What the task requires:
Using only the entries below, output the lines starting at the one containing "43210-61500 Nissan Tapered Roller Bearing" and ending at the one containing "Re-Possessed Chapter 37", exactly and inclusive of both, omitting the pictures.

Given data:

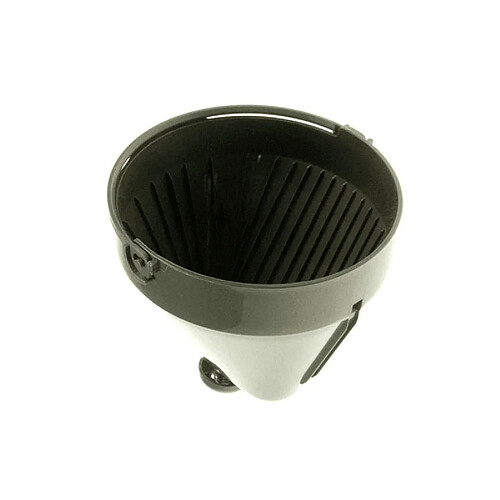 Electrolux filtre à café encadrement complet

---

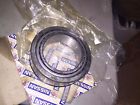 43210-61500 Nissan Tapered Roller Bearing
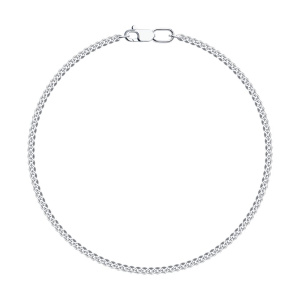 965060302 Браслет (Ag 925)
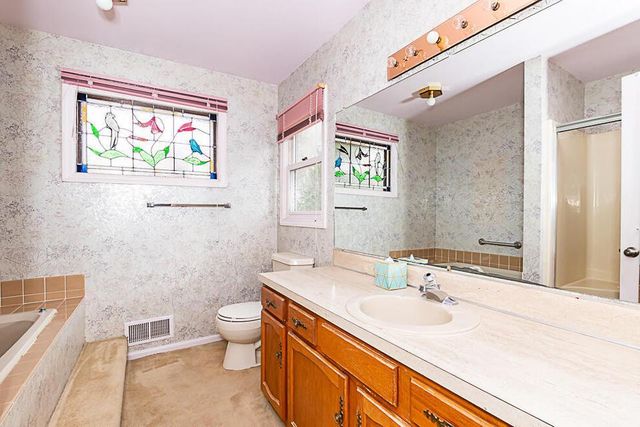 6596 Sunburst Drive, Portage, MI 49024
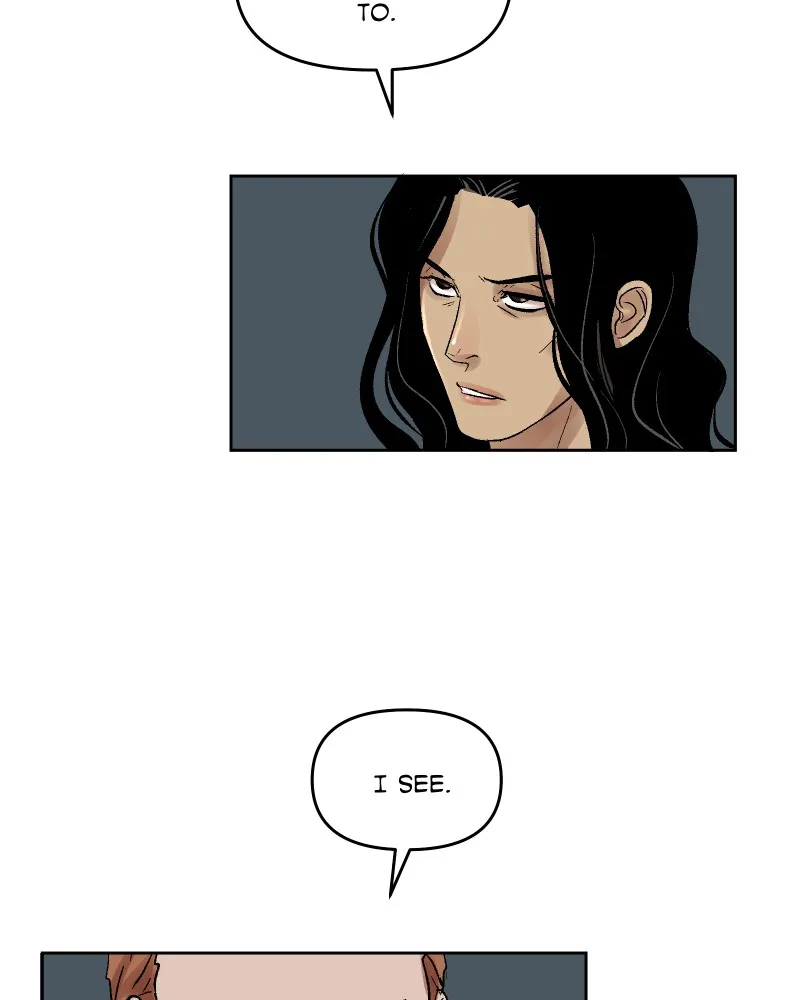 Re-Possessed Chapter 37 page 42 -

Answer box:
 43210-61500 Nissan Tapered Roller Bearing
 965060302 Браслет (Ag 925)
 6596 Sunburst Drive, Portage, MI 49024
 Re-Possessed Chapter 37 page 42 -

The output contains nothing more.